Menifee City Council Approves Plan to Purchase Additional Parcels as Right of Way for Scott Road Interchange
This map on the Riverside County Transportation Department website shows the plan for the expanded Scott Road interchange. Construction ...
http://www.menifee247.com/2013/10/menifee-city-council-approves-plan-to-purchase-right-of-way-for-scott-road-interchange.html
This map on the Riverside County Transportation Department website shows the plan for the expanded Scott Road interchange. Construction on the $52 million project is set to begin in the summer of 2015. |
The unanimous approval by council members allows the parties involved to pursue and complete the purchase of approximately 14 acres of land on 15 pieces of property. Total appraised value of those parcels is $9.9 million, according to a city official.
Plans call for an expanded Scott Road bridge spanning Interstate 215 that will allow three lanes of through traffic in each direction, plus turn lanes. A total of 11 lanes are included in the project, which will greatly reduce traffic congestion in the south part of Menifee.
This action does not move up the timetable for construction, which is scheduled to begin in the summer of 2015. However, having approval to begin making offers to the affected land owners could expedite certain procedures in seeking funding.
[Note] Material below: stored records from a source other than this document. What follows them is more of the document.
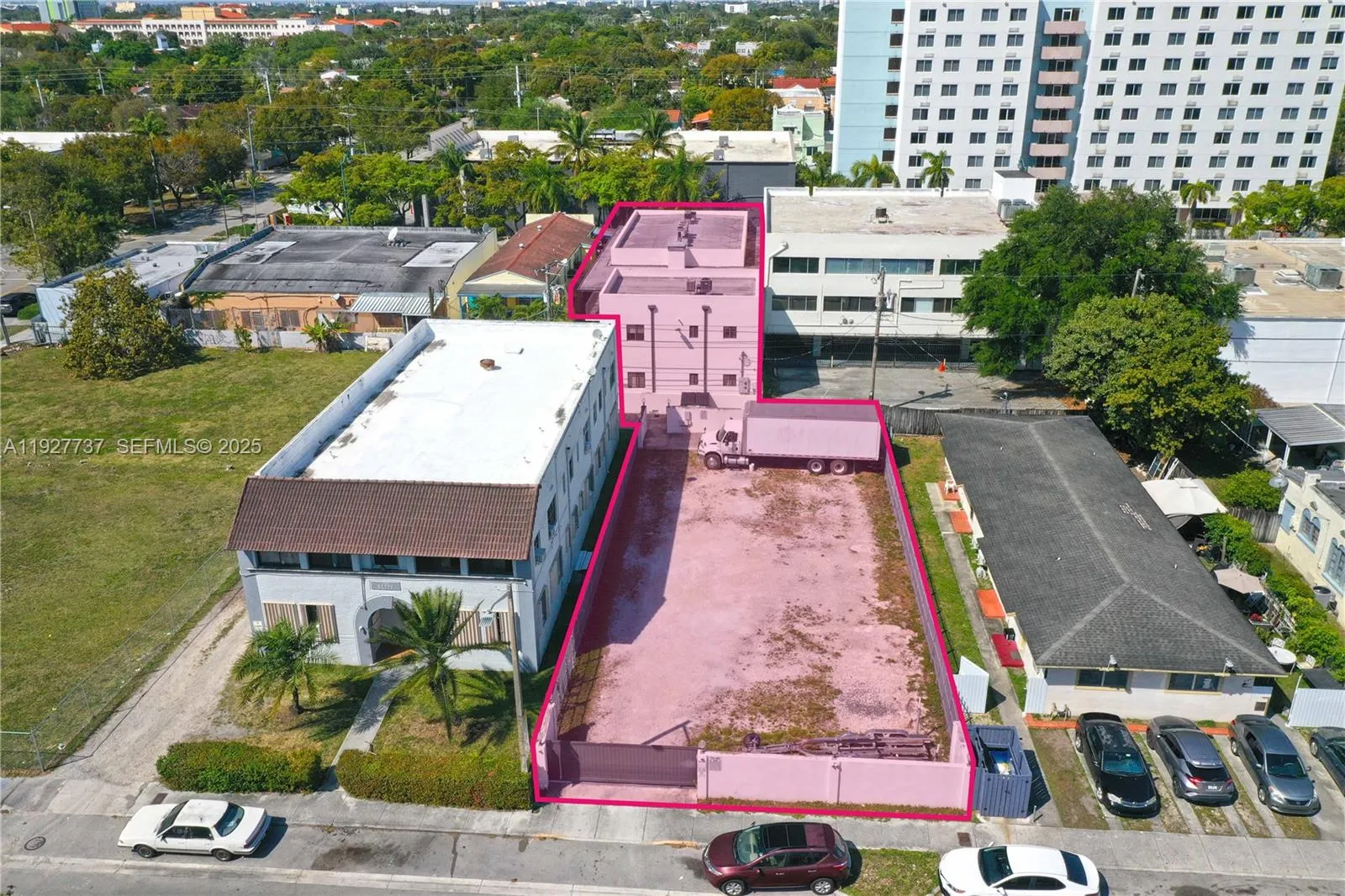 2268 Sw 8th St, Miami, Florida 33135, Miami, Florida 33135, ,Commercial Sale,For Sale,2268 Sw 8th St, Miami, Florida 33135,A11927737
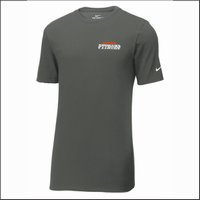 PJHS Staff Nike Dri-Fit Cotton/Poly Tee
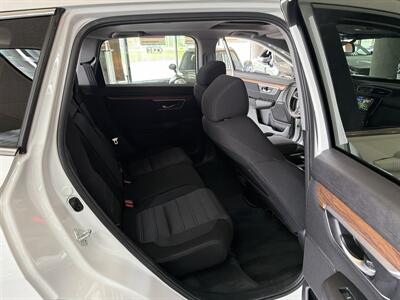 2021 Honda CR-V EX 4DR SUV AWD - Photo 23 - Hamilton, OH 45015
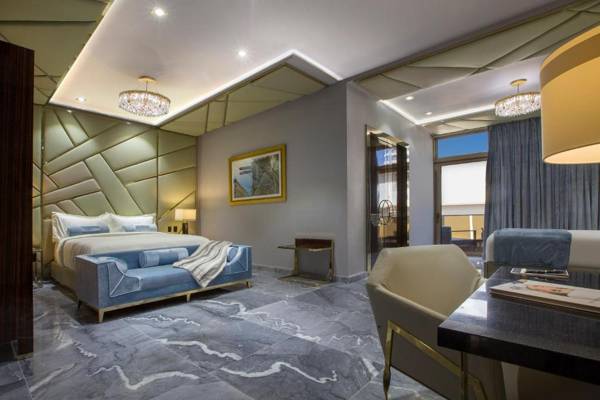 O:LV Fifty Five Hotel - Adults Only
According to City Engineer Jonathan Smith, the city still lacks $23.4 million of the estimated $52 million cost of construction. But once the right of way is acquired, seeking grants and other funds for the project becomes much easier, he said.
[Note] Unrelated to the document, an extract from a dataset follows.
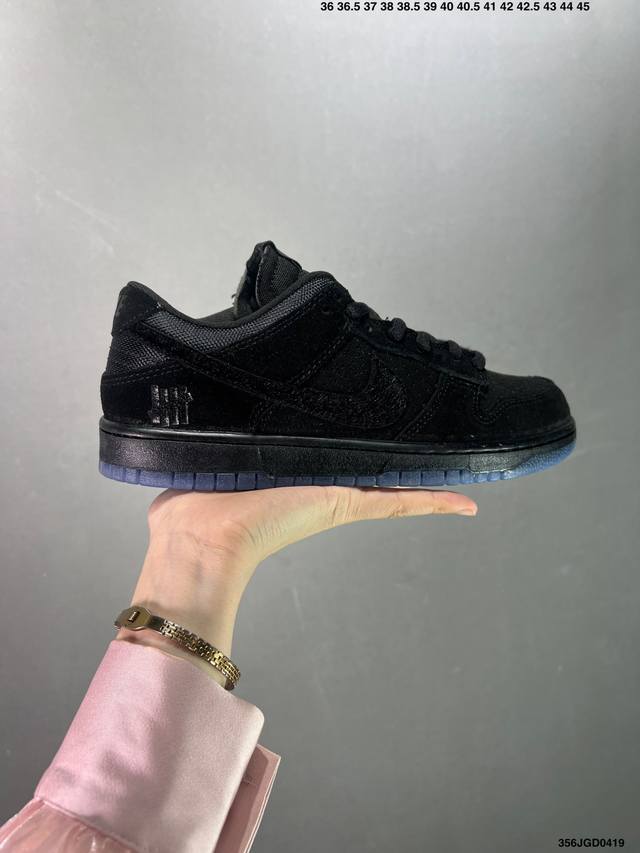 Nk Dunk Low 芭比粉 Fn8927-621 独家原厂航空铝磨具打磨大底 鞋头坡度极致还原 原盒原配 圈内天花板工艺 原厂冲刀 超高清洁度 全鞋零毛边皮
"I'm ecstatic about this agreement," Smith said. "The further along you are in a project, the more priority you're given when you seek funding and approvals."
The Environmental Impact Report and other preliminary studies have long since been completed. Although a sliver of land in the right of way lies in the City of Murrieta, because of previous negotiations between the two cities and the county, Menifee will handle the purchase of right-of-way lands.
Plans call for the construction of a new bridge next to the old bridge first. Then the old bridge would be torn down and an additional section of bridge built and combined with the other half for a new, much wider bridge.
Smith said Scott Road would have three lanes each way from Antelope Road to Haun Road, where the road would narrow again. However, there are future plans to add lanes to Scott beyond both of those cross streets, he said.
Although the City of Menifee could not make formal offers to the 15 land owners before tonight's action, Smith said he does not expect difficulties in negotiating the sales. Money for those purchases come primarily from developer impact fees, he said.
"The people we've talked to say, 'Come on in,' because they realize it has to happen for them to benefit," Smith said.
One of the primary land owners involved is Walmart, which is moving closer to the start of construction on vacant land northwest of the interchange. Walmart would have to sell a sliver of its land to accommodate the wider bridge and roadway.
Two other affected parcels are owned by PacTen Partners, a real estate development company based in Los Angeles.
One of those, located northwest of the Haun-Scott intersection on land including the old Bailey family homestead, is the site of the proposed Junction at Menifee Valley, a 54-acre retail and commercial site. The other is a site that stretches from Scott Road south to Keller Road, where plans call for a 38-building business development called Commerce Pointe Menifee.
A parcel of undeveloped land to the northeast of the interchange, between the freeway on-ramp and Antelope Road, is owned by another investment company.
So even though a lot of work remains to be done before traffic flows freely on Scott Road, a significant step has been taken. Now, in addition to the purchase of the right of way, a push for additional construction funding can move forward.
"We are in the process of making a joint request of the Riverside Transportation Department for funding," Smith said. "We hope to hear on that by the first of the year."